6The Ontario Court of Appeal ruled in Children’s Aid Society of Waterloo v. DD, 2011 ONCA 441, that the mere existence of a child protection proceeding does not automatically bar the CFSRB from reviewing a complaint about the services an individual has received from a children’s aid society. In DD the Court found that complaints about how the children’s aid society had handled the temporary placement of the applicant’s children could proceed before the CFSRB. Those complaints “were separate and different from the substantive issues before the court” (para 35).
7With regard to written proceedings, CFSRB Rule 8.1 indicates that the CFSRB may conduct hearings in writing considering issues including fairness to the parties; expediency; cost and efficiency; nature of issues; need for oral testimony.
BACKGROUND
8In a Case Management Direction dated September 5, 2019, the Applicant was directed to make written submissions on the following 2 questions on or before September 20, 2019:
- Have all the issues raised in the Application (except the request for a change of worker) been decided by the court or are currently before the court or have they already been dealt with by the CFSRB in Application CA15-0106?
- Does the Respondent’s August 28, 2019 letter explaining its decision to deny the Applicant’s request for a change of worker fulfil the Respondent’s obligations to hear the Applicant’s concerns and provide her with reasons for that decision?

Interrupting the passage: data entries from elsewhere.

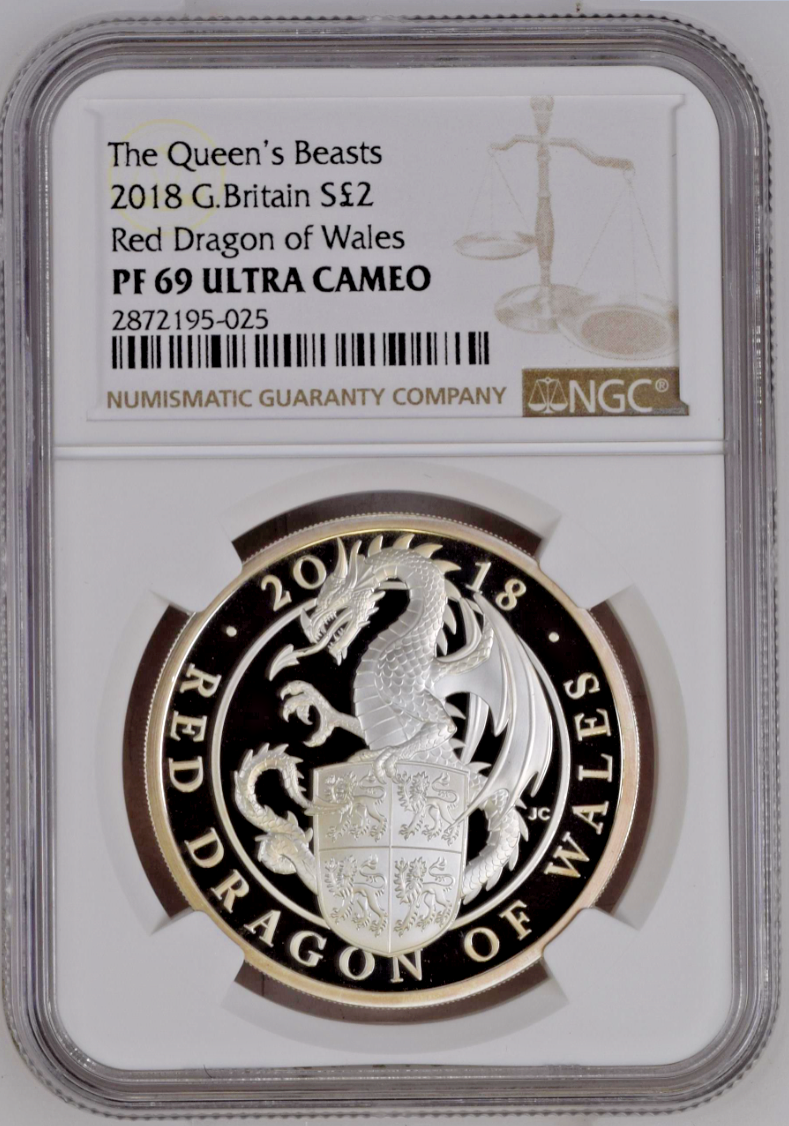 2018 G.Britain Red Dragon of Wales The Queen's Beast NGC PF69 UC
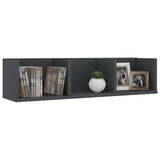 CD Wall Shelf Grey 75x18x18 cm Engineered Wood - Side View
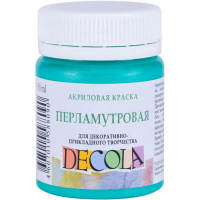 Краска акриловая 50мл зеленая перламутровая Декола 6528725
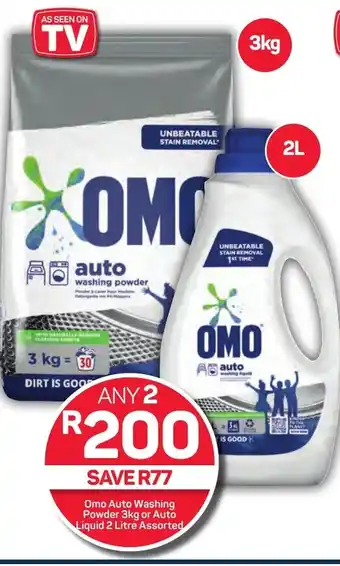 Pick n Pay Omo Auto Washing Powder 3kg or Auto Liquid 2 Litre Assorted offer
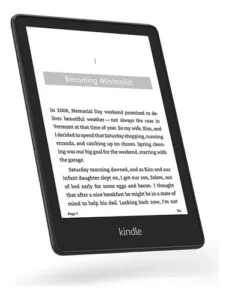 Un primer plano de un lector Kindle.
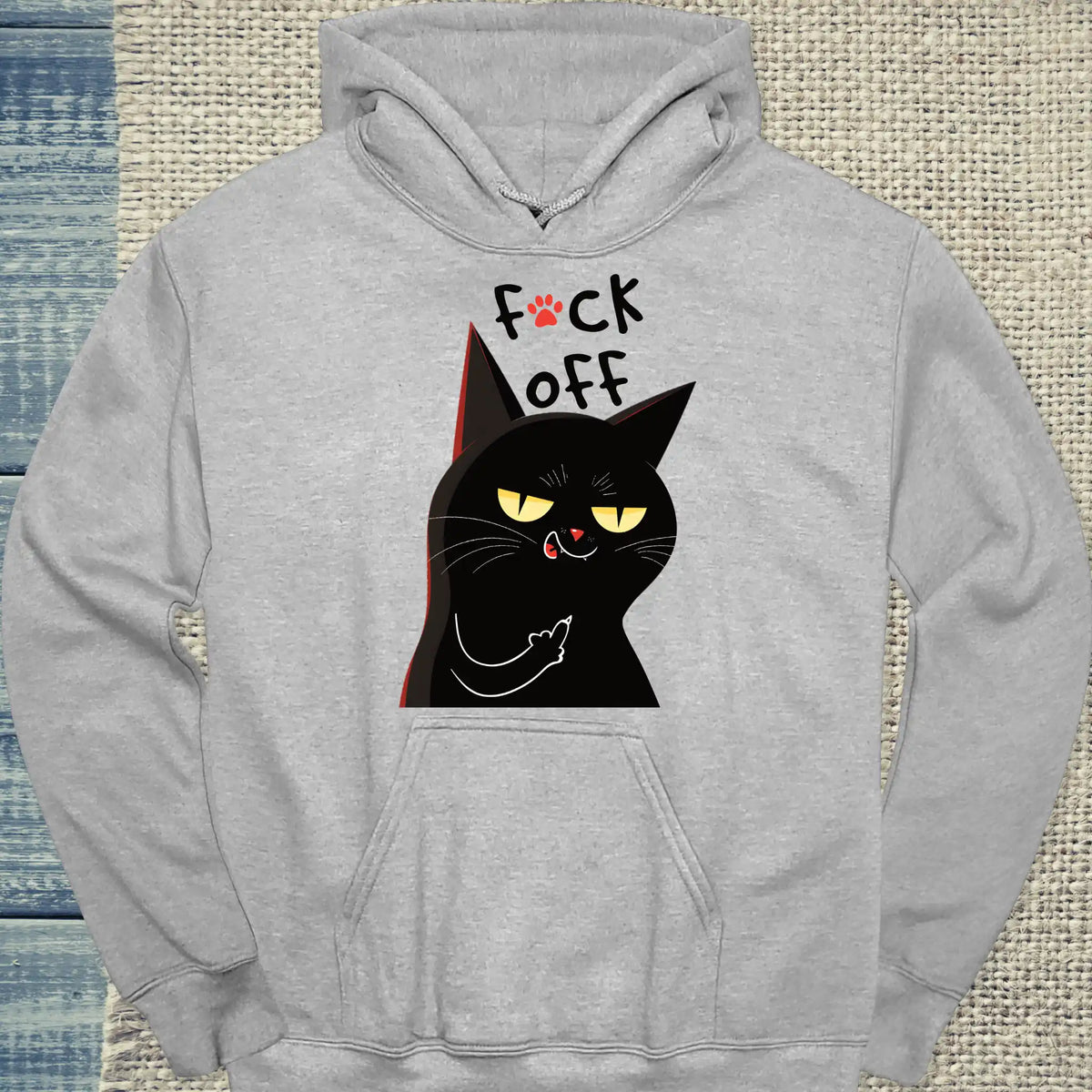 Hoodie - Schwarze Katze Mittelfinger - Unisex - Katze, Black Edition Grau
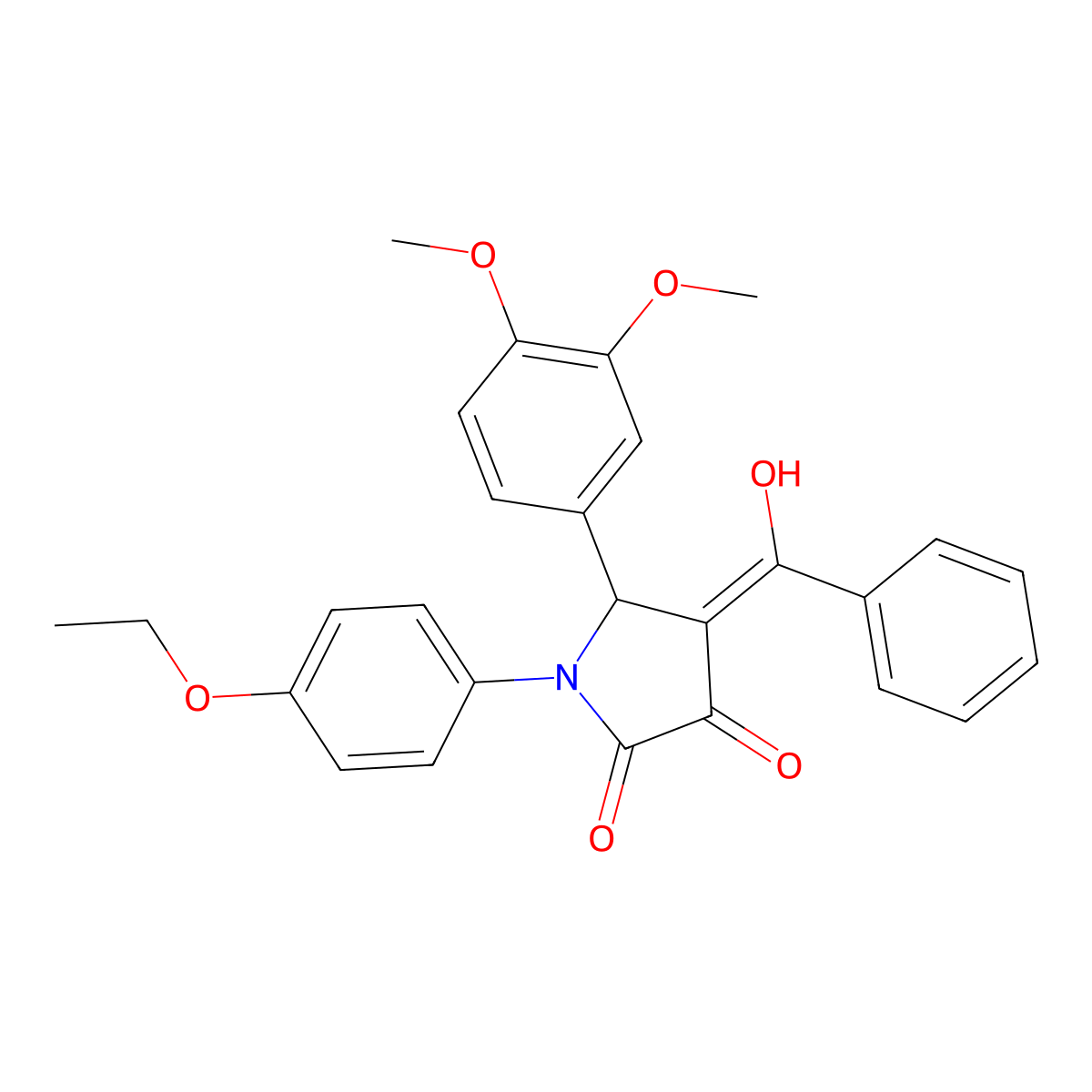 4-benzoyl-5-(3,4-dimethoxyphenyl)-1-(4-ethoxyphenyl)-3-hydroxy-1,5-dihydro-2H-pyrrol-2-one molecular structure, CAS 797797-12-7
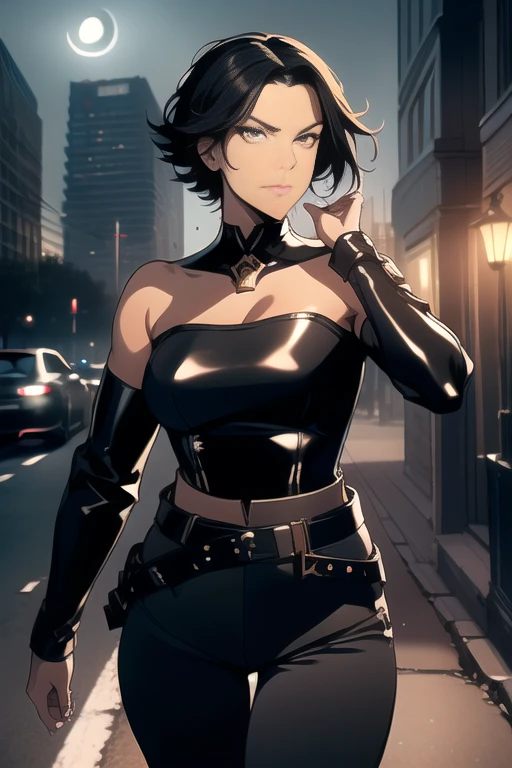 (Masterpiece, Best Quality), (A Gorgeous 26 Years Old woman), (Short Black Hair:1.4), (Tan bronze Skin:1.4), (Yellow Eyes), (Smug and Arrogant smile), (Black Leather Jacket, Strapless Black Tube-Top, Black Tight Pants and White Belt:1.4), (Snarky Expression), Deep Cleavage, (Midriff), (Dynamic Pose:1.4), (City Road at Night with Moonlight:1.6), Centered, (Waist-up Shot:1.4), From Front Shot, Insane Details, Intricate Face Detail, Intricate Hand Details, Cinematic Shot and Lighting, Realistic and Vibrant Colors, Masterpiece, Sharp Focus, Ultra Detailed, Depth of Field, Incredibly Realistic Environment and Scene, Master Composition and Cinematography, castlevania style
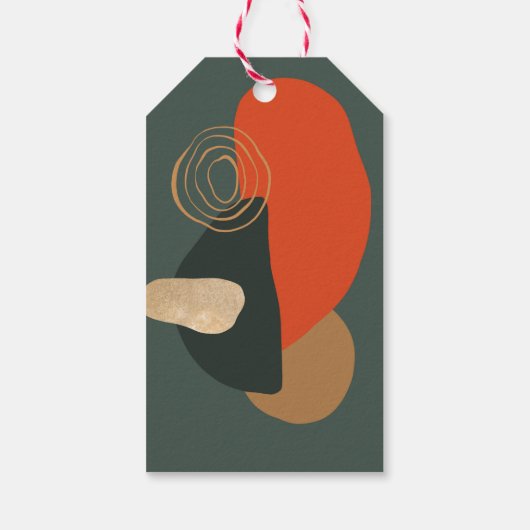 赤い緑のクリスマスカスタム抽象芸術グリーティング名 ギフトタグ (裏面)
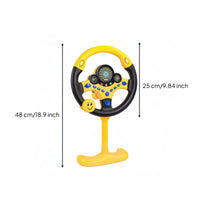 Driving Toy with Stand Floor-Standing Steering Wheel Toy with Base Simulation Steering Wheel Light and Sound Interactive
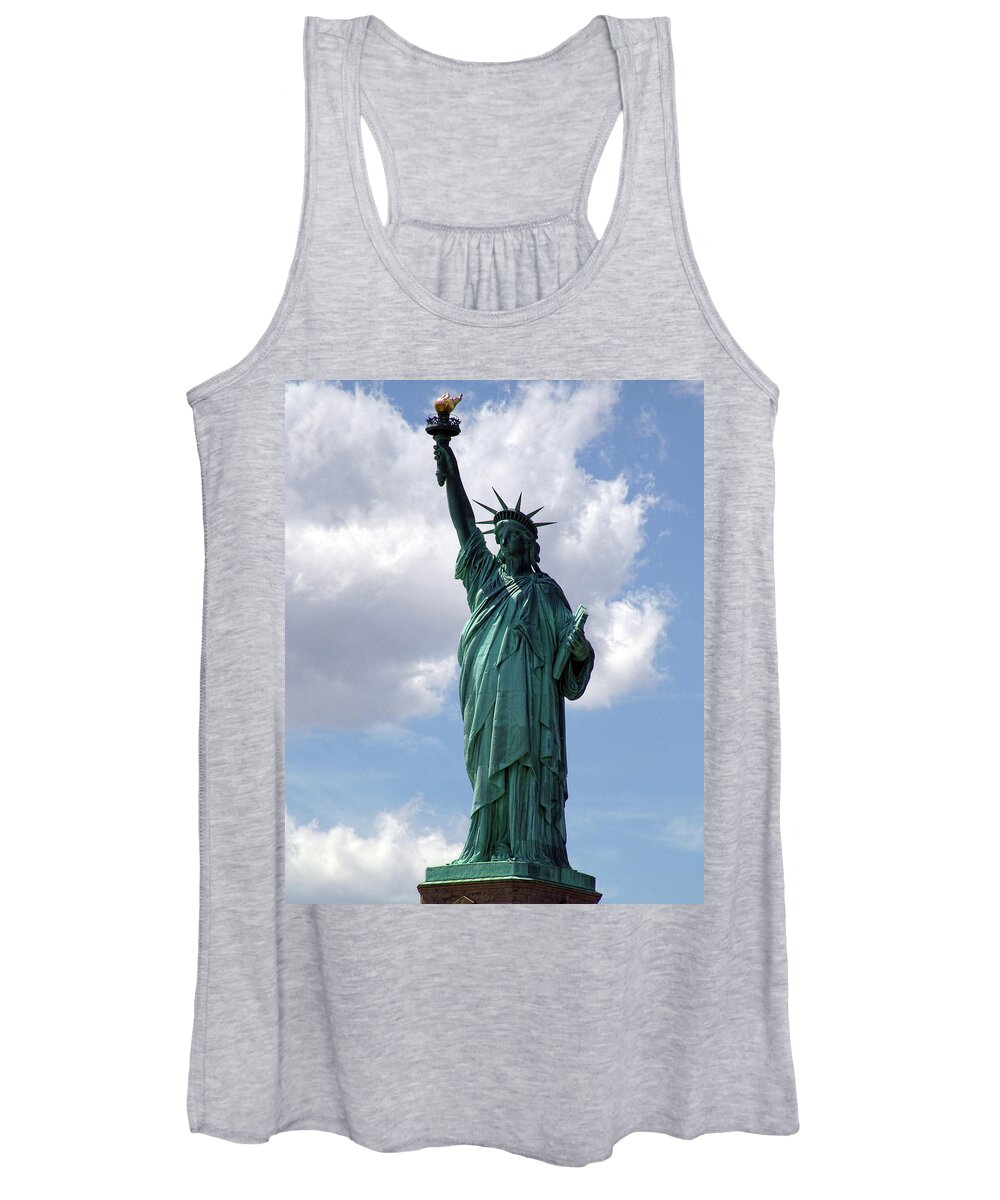 Statue Of Liberty Women's Tank Top featuring the photograph Lady Liberty Standing Tall by DiDesigns Graphics
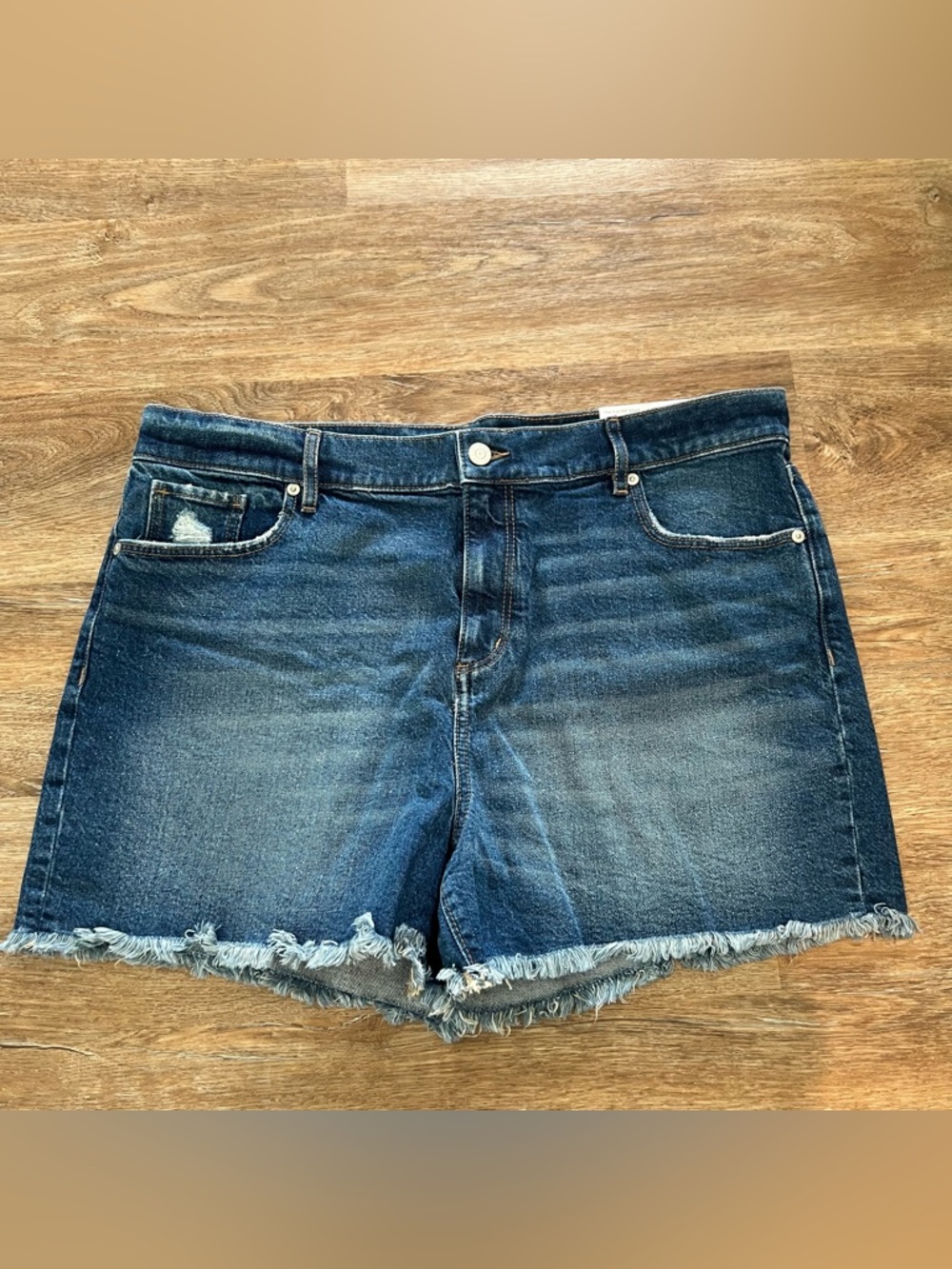 LOFT Frayed Hem Dark Blue Denim Shorts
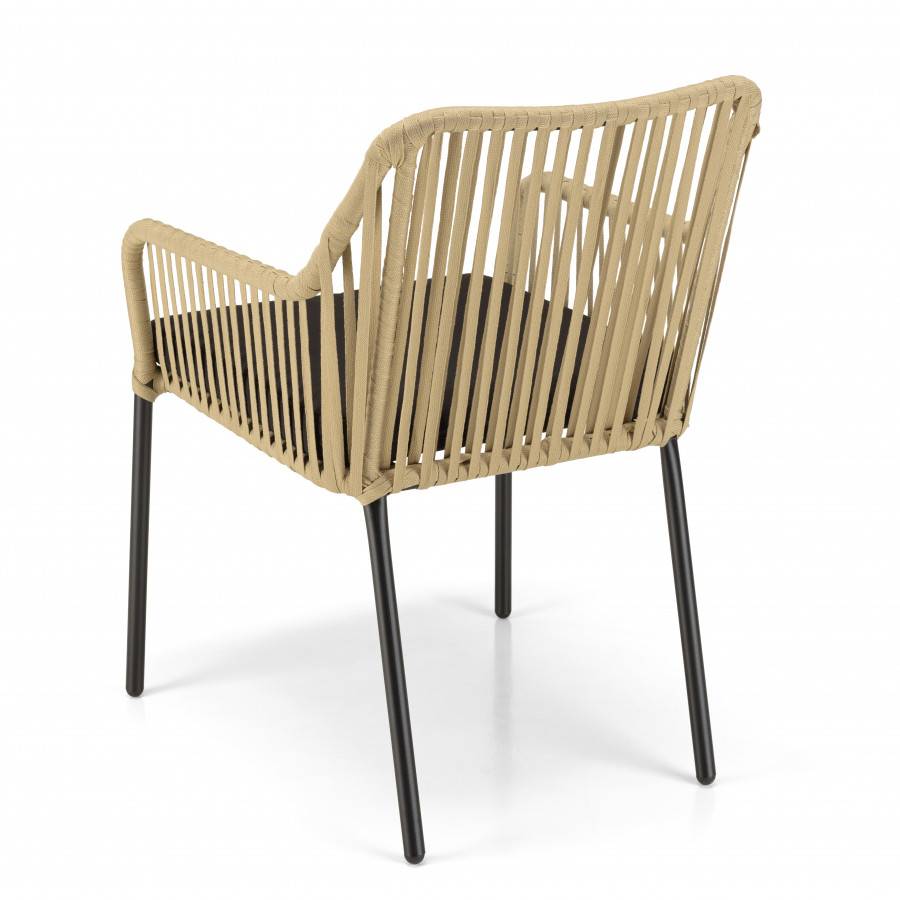 Macabane - MALO - SALON DE JARDIN 4 PERS. - 1 Table ronde 120x120cm et 4 fauteuils beiges et noirs en cordage - Imagen 10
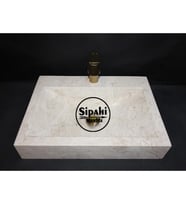 Sipahi Marble Kırçıllı Bej Mermer Batarya Çıkışlı Dikdörtgen Lavabo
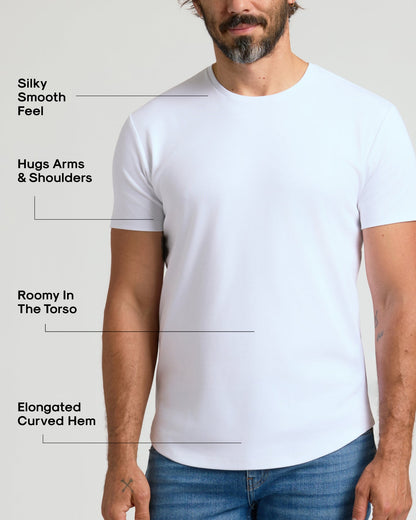 Paquete de 4 camisetas de manga corta con dobladillo curvo y mezcla de algodón Pima
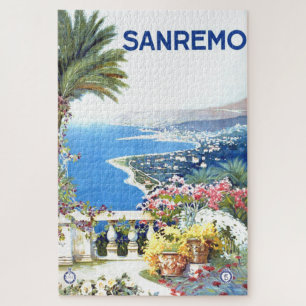 San Remo Italië - Illustratie reizen Europa Legpuzzel
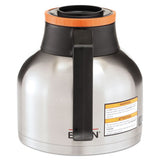 BUNN 1.9 Liter Thermal Carafe, Stainless Steel/ Black and Orange (Decaf)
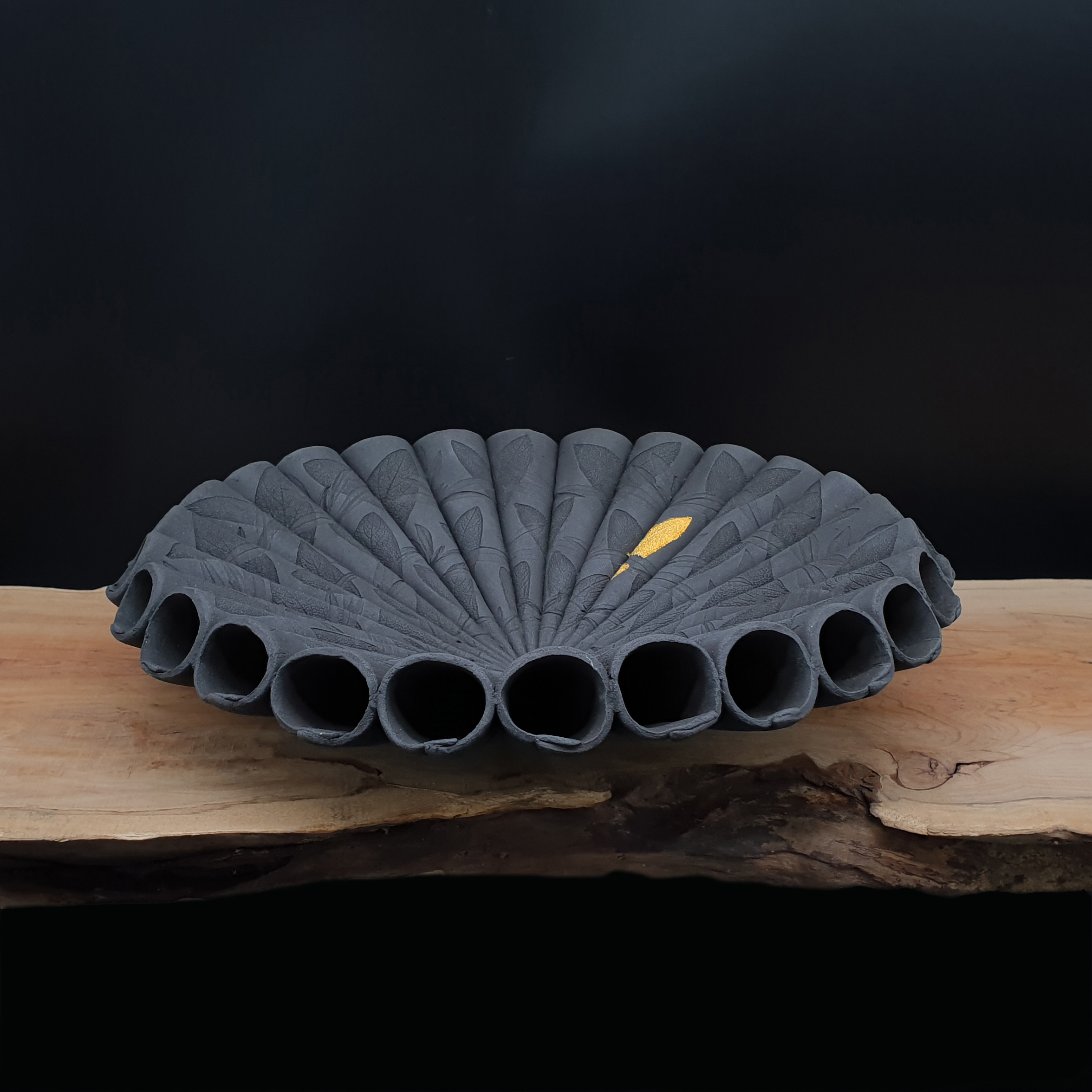 Dark Leaf Cone Bowl With 24ct Gold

9On September 22, 2019, the Applicant requested a six-week extension of the deadline to consult with counsel and to review the documents submitted by the Respondent. The Applicant was provided with an extension until October 21, 2019. No submissions were received.
ANALYSIS
10As the Applicant did not provide submissions in relation to the case management direction, I have made my decision based on the written documentation (documentary package, Respondent response, and submissions) that I have before me. My decision to conduct this hearing in writing is fair given that the decision turns on two narrow issues: jurisdiction of issues before the court; and the adequacy of the reasons provided by the Respondent for not replacing the Applicant’s worker. The Applicant was provided an opportunity to make submissions on the two issues and failed to provide them, despite being given 45 days to do so. I also find that deciding this Application in writing is appropriate given the principles of judicial economy and efficiency.
Were the issues raised by the Applicant before the court or decided by the court?
11The first issue before me is whether the issues included in the Application were decided by the court or are before the court. I reviewed the Respondent’s summary response and evidence in support of its position that the CFSRB lacked jurisdiction. The Respondent indicated that there are two ongoing court proceedings involving the Applicant and the Respondent. The Applicant has been involved in child protection application proceedings in the Ontario Court of Justice since September of 2016. The Applicant has also launched a civil suit alleging negligence, breach of statutory duty, breach of Charter rights, and defamation on the part of the Respondent. This action arose from the Applicant’s complaints regarding the alleged sexual abuse of her two younger children.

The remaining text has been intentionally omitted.